---
name: mmskills
description: Use MMSkills for GUI, computer-use, visual-agent, OSWorld, Ubuntu desktop, macOS, Minecraft, or Mario tasks where reusable multimodal skill packages can guide planning, state recognition, or verification. Also use when installing, downloading, searching, or adapting MMSkills packages for Codex, OpenClaw, Claude Code, or other agent products.
---

# MMSkills Agent Adapter

MMSkills Agent Adapter is a unified adapter for locating and using multimodal skill packages from the public MMSkills dataset. The same skill package schema should be used across Codex, OpenClaw, Claude Code, and other agent products; product-specific integration should stay in thin adapters, not in duplicated skill content.

## Asset Source

The full public skill library is hosted on Hugging Face:

- Dataset: https://huggingface.co/datasets/zhangkangning/mmskills
- Paper page: https://huggingface.co/papers/2605.13527
- Project website: https://deepexperience.github.io/MMSkills/skills.html

The dataset currently exposes 515 packages across Ubuntu, macOS, VAB-Minecraft, and Mario. Do not assume all packages are installed locally.
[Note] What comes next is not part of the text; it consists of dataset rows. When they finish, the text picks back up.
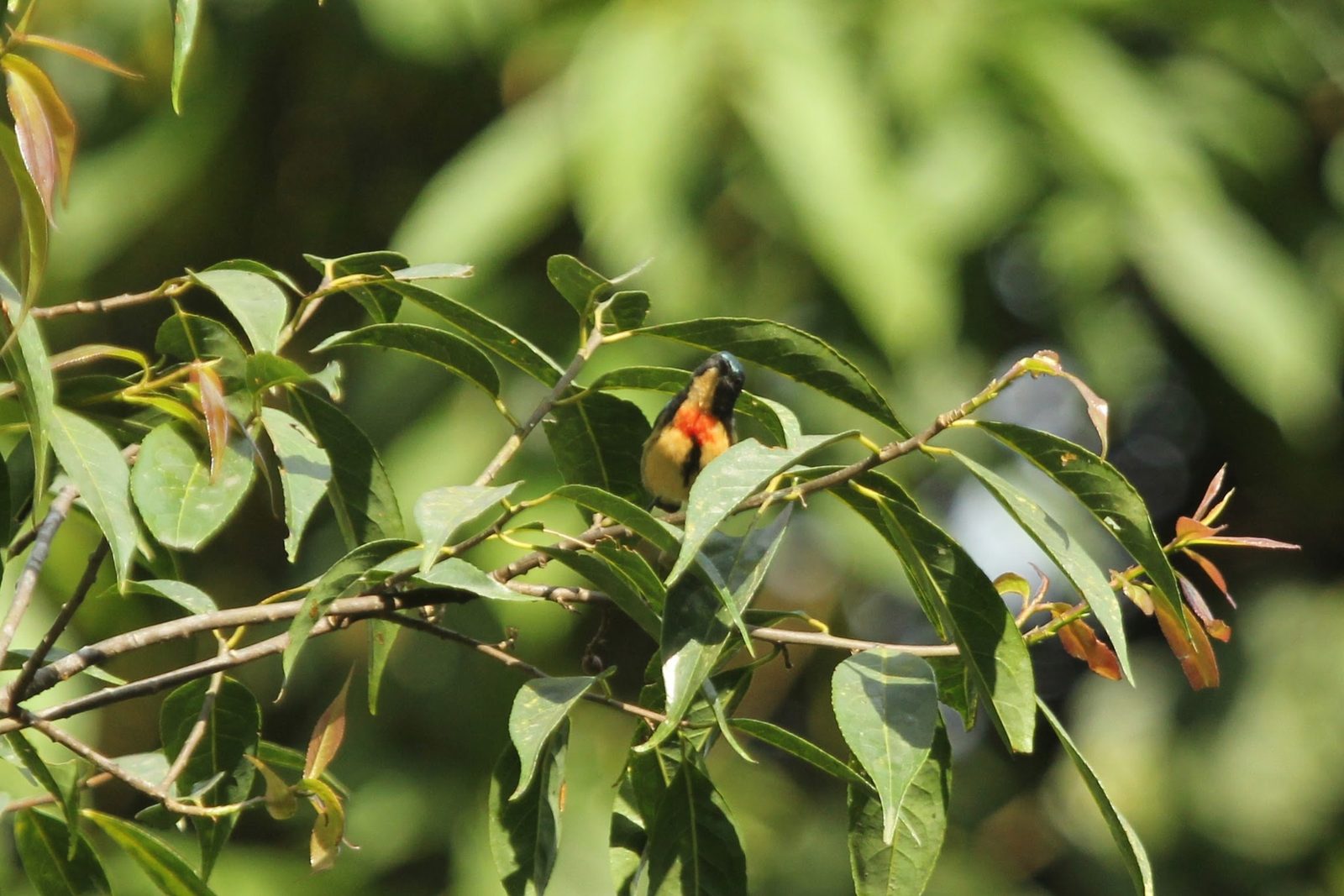 Fire-breasted Flowerpecker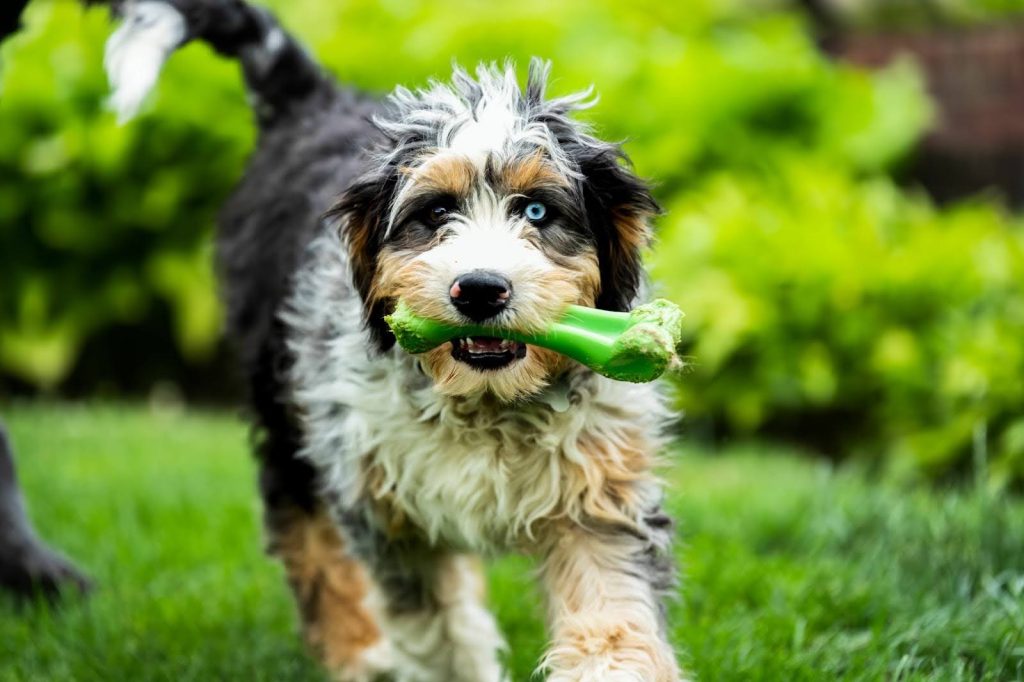 Bernedoodle dog walking in the park with a toy in its mouth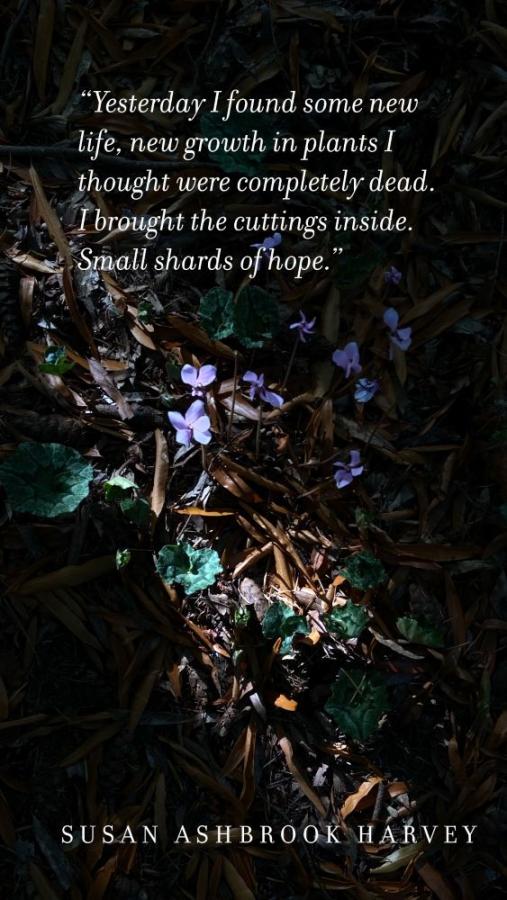 Susan Harvey shards graphic Susan Harvey shards graphic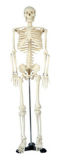85cm Human Skeleton Model (HS-1)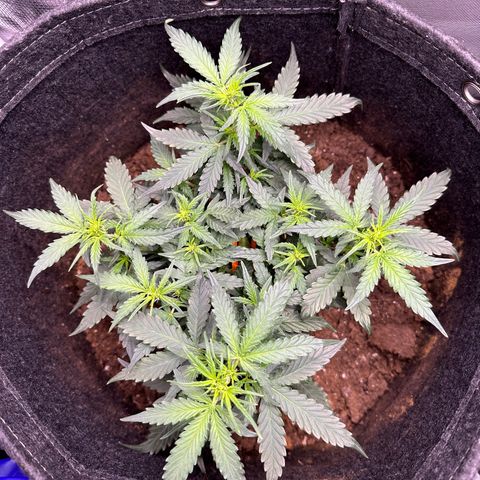 Growlog-Zeitleistenfoto von Blue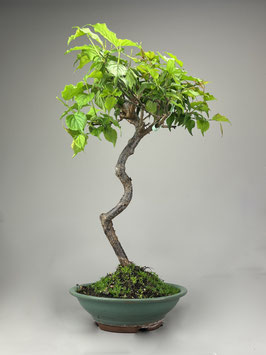 Japanische Aprikose, Prunus mume, Blühender Outdoor - Bonsai, Freilandbonsai, Geschenkidee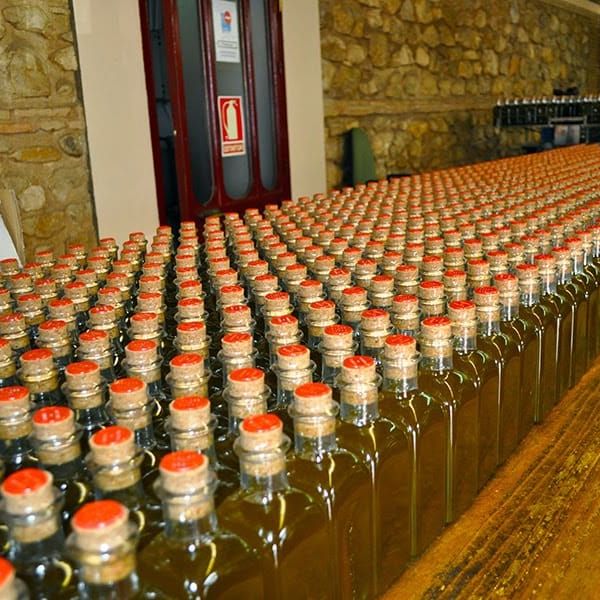 Núñez de Prado Flor de Aceite Organic Extra Virgin Olive Oil - Olive Ovation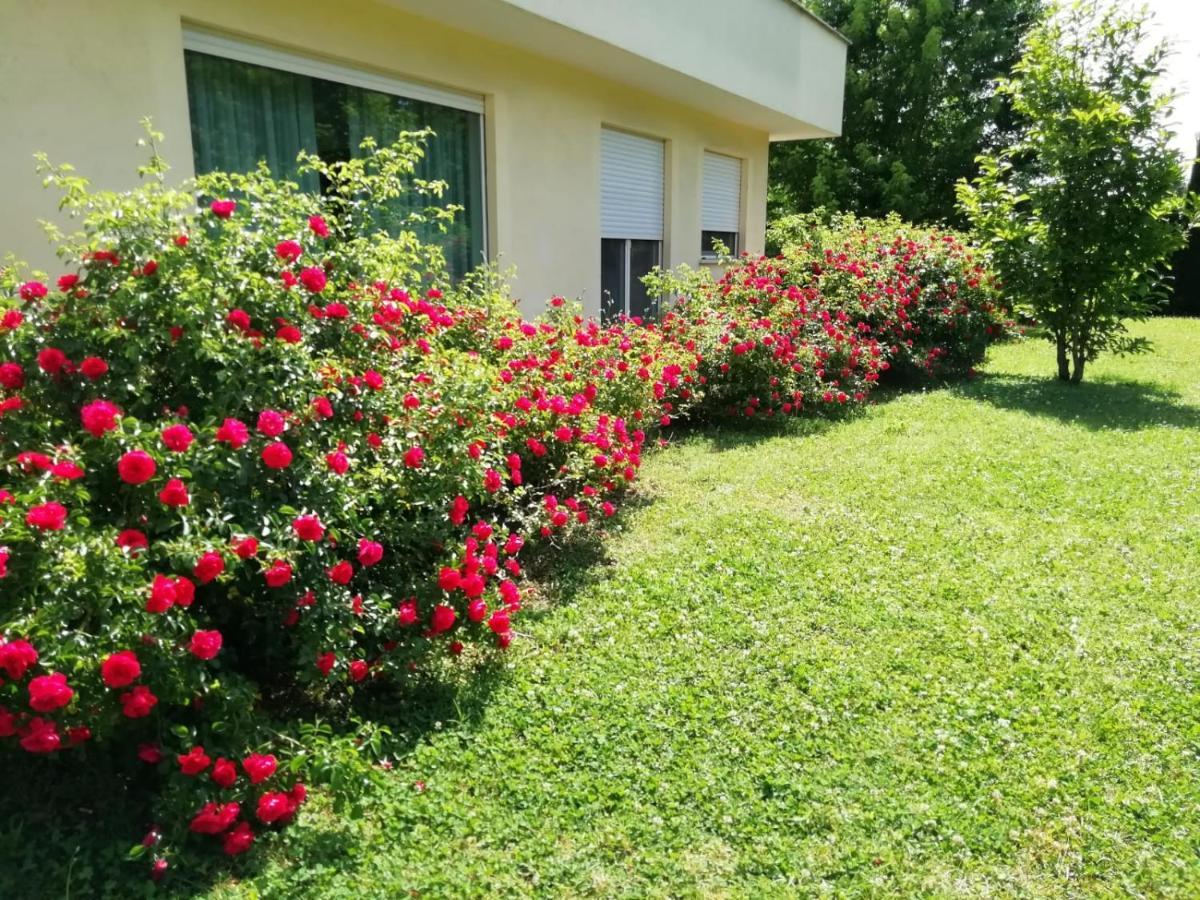 B&B Terra Del Sole 발몬토네 외부 사진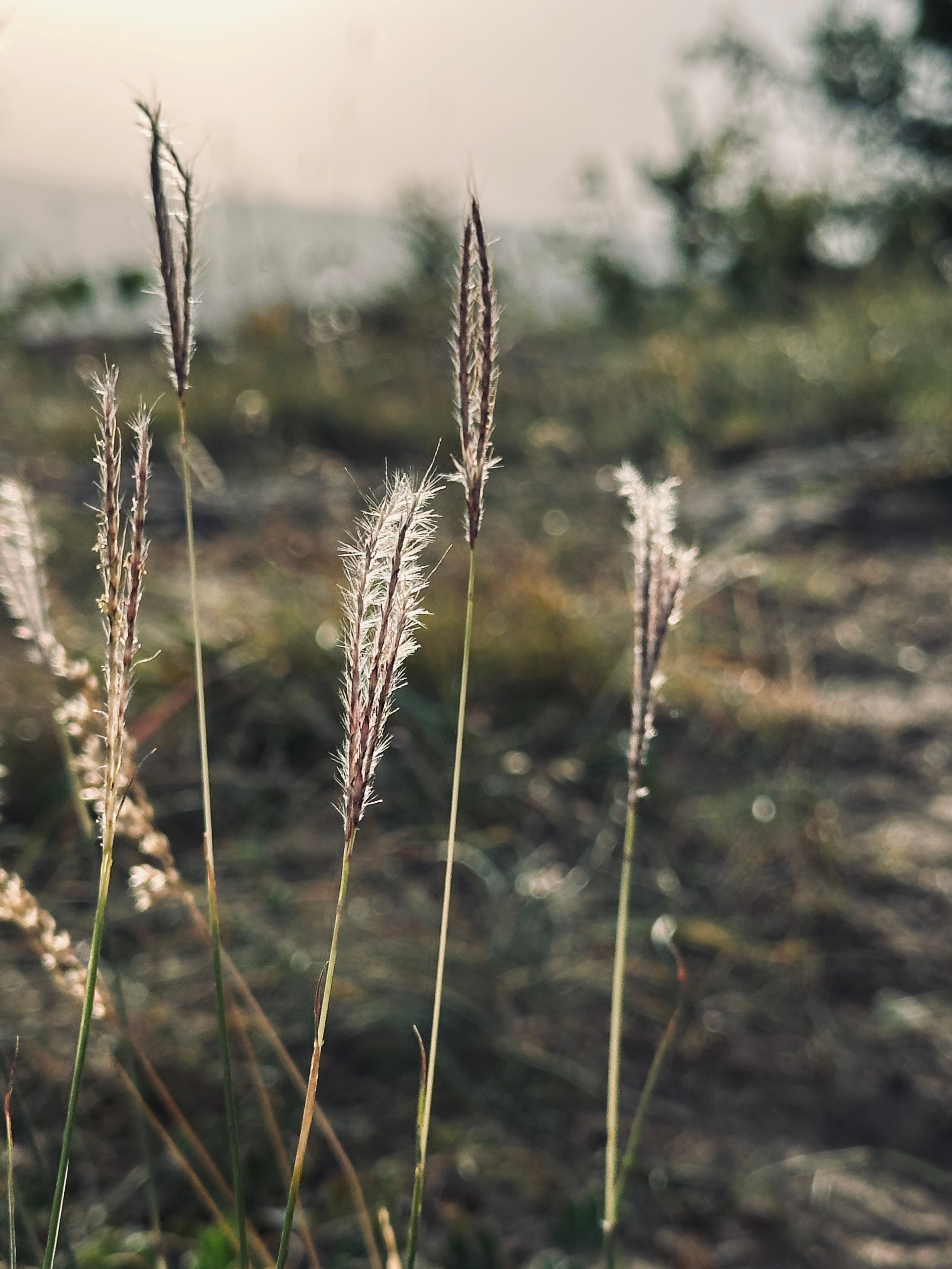 Флора и фауна. Смотри, красота!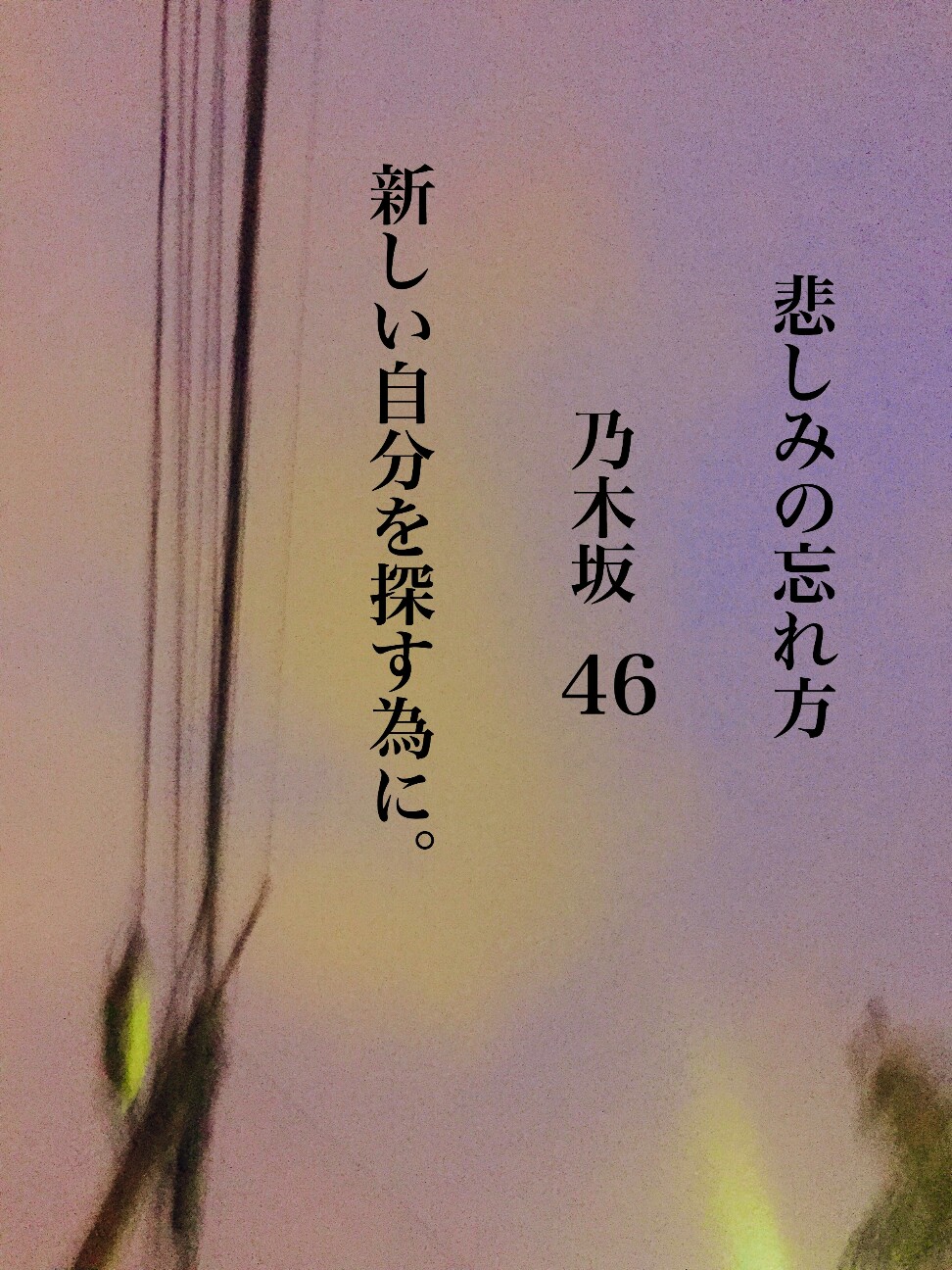 f:id:nash96:20150812180922j:image f:id:nash96:20150812180922j:image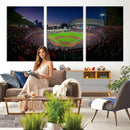 Houston Astros Baseball Print Canvas - Houston Minute Maid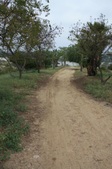 Enlarge photo 54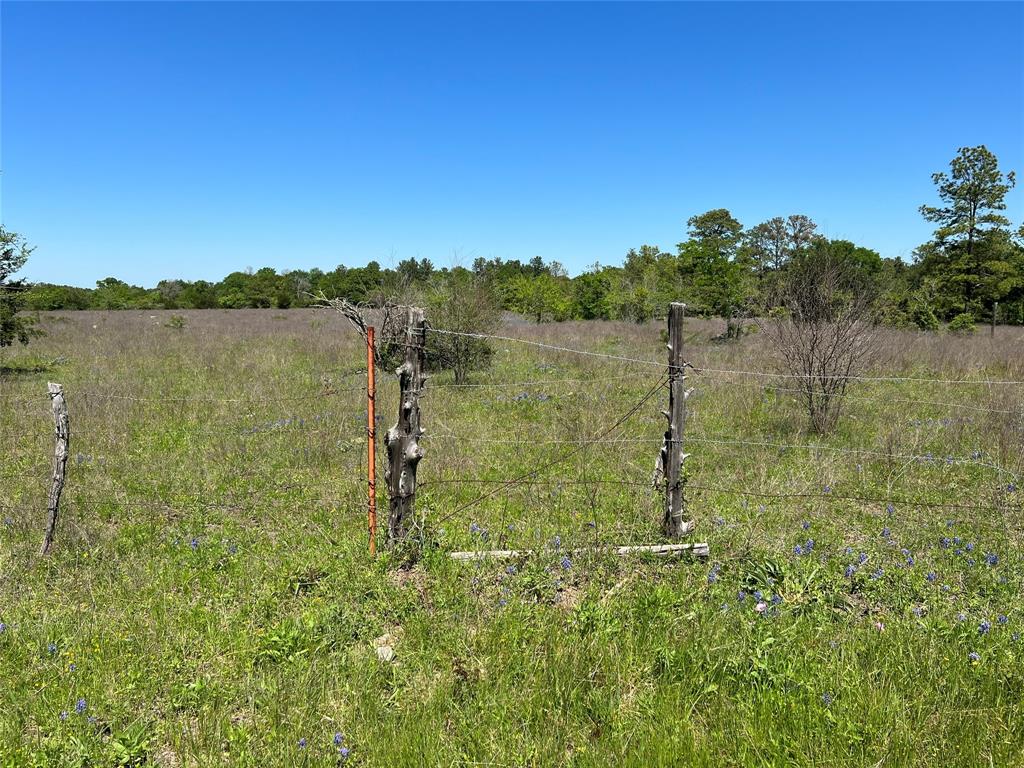 R13945 A0049 J Peterson Tract 11, Anderson, Texas image 13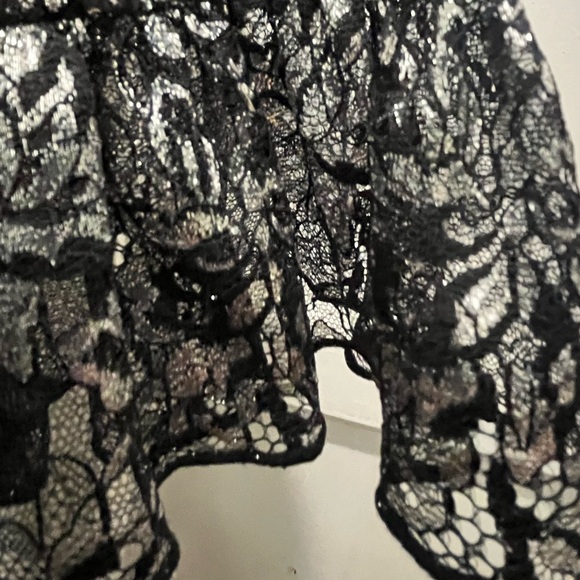 The Vampires Wife x H&M Mystique silver black lace dress size small - Picture 10 of 16
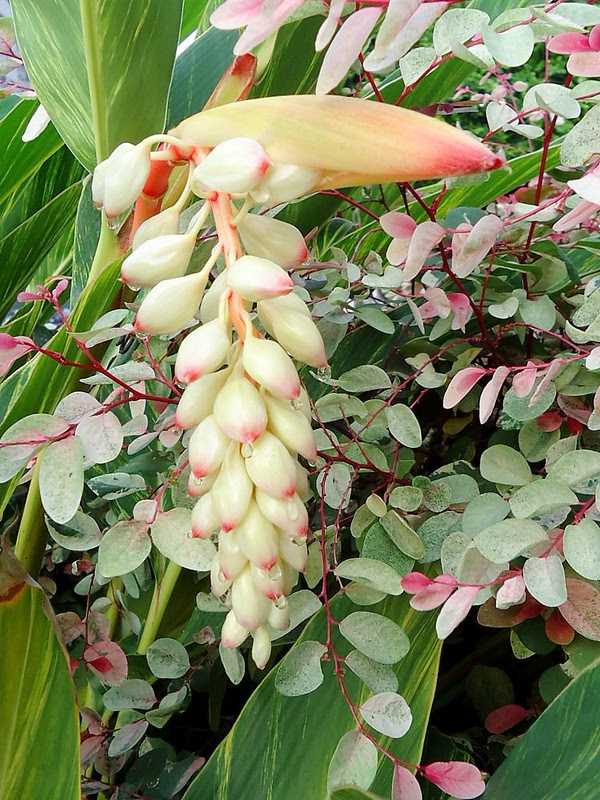 月桃花/無限台南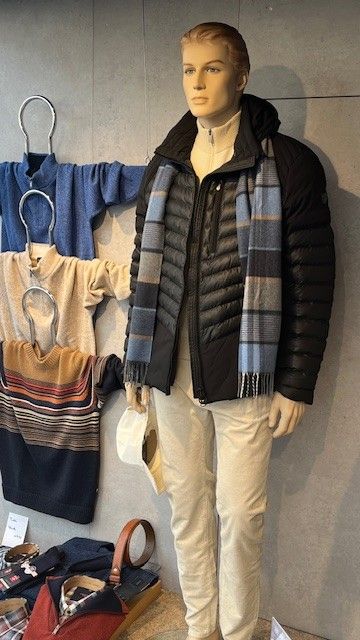 Wellensteyn einzelteil 170€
Search and download only the relevant packages when needed.

## Quick Commands

Run these commands from this skill directory:

```bash
python scripts/search_skills.py "chrome bookmark" --package ubuntu
python scripts/download_skill.py ubuntu/chrome/CHROME_Manage_Bookmarks_Reading_List_And_Shortcuts
python scripts/inspect_skill.py ~/.cache/mmskills/skills/ubuntu/chrome/CHROME_Manage_Bookmarks_Reading_List_And_Shortcuts
```

Use `MMSKILLS_HOME=/path/to/cache` to store downloaded packages outside the default `~/.cache/mmskills`.

## Use Workflow

1. Infer the task surface: package, platform, app, and operation family.
2. Search the dataset index with `scripts/search_skills.py`.
3. Download the best-matching package with `scripts/download_skill.py` if it is not already local.
4. Read the package in this order:
   - `SKILL.md` for procedure, applicability, preconditions, and failure modes.
   - `runtime_state_cards.json` for compact state cues and verification signals.
   - `Images/` only when visual grounding, state comparison, or UI verification is needed.
5. Use the package as guidance, not as a hard coordinate script. Transfer the operational pattern, visible cues, and verification logic to the live task state.

## Cross-Agent Contract

MMSkills packages are product-neutral. Each package may contain:

```text
<package>/<domain>/<skill>/
├── SKILL.md
├── runtime_state_cards.json
├── plan.json
└── Images/
```

Codex, OpenClaw, and Claude Code should share this package format. The only product-specific pieces should be:

- where packages are cached;
- which tool opens images or screenshots;
- how the agent routes retrieved guidance back into its planner;
- whether the product can use visual references directly or should fall back to text-only cues.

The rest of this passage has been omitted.